─── RECORDS FOR THIS EXERCISE

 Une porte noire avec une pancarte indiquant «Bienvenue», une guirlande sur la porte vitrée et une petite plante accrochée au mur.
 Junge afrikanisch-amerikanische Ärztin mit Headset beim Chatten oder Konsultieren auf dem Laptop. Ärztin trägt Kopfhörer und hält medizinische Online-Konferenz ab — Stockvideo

──────
─── RECORDS FOR THIS EXERCISE

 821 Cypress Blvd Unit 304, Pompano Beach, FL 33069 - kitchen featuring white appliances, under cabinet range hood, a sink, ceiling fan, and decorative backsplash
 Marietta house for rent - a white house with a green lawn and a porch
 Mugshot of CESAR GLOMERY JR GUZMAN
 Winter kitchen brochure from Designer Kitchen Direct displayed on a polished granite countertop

──────

§ WORK ORDER:
From the listing above, return every line that contains the word "kitchen".

§ RESPONSE TO THE TASK:
 821 Cypress Blvd Unit 304, Pompano Beach, FL 33069 - kitchen featuring white appliances, under cabinet range hood, a sink, ceiling fan, and decorative backsplash
 Winter kitchen brochure from Designer Kitchen Direct displayed on a polished granite countertop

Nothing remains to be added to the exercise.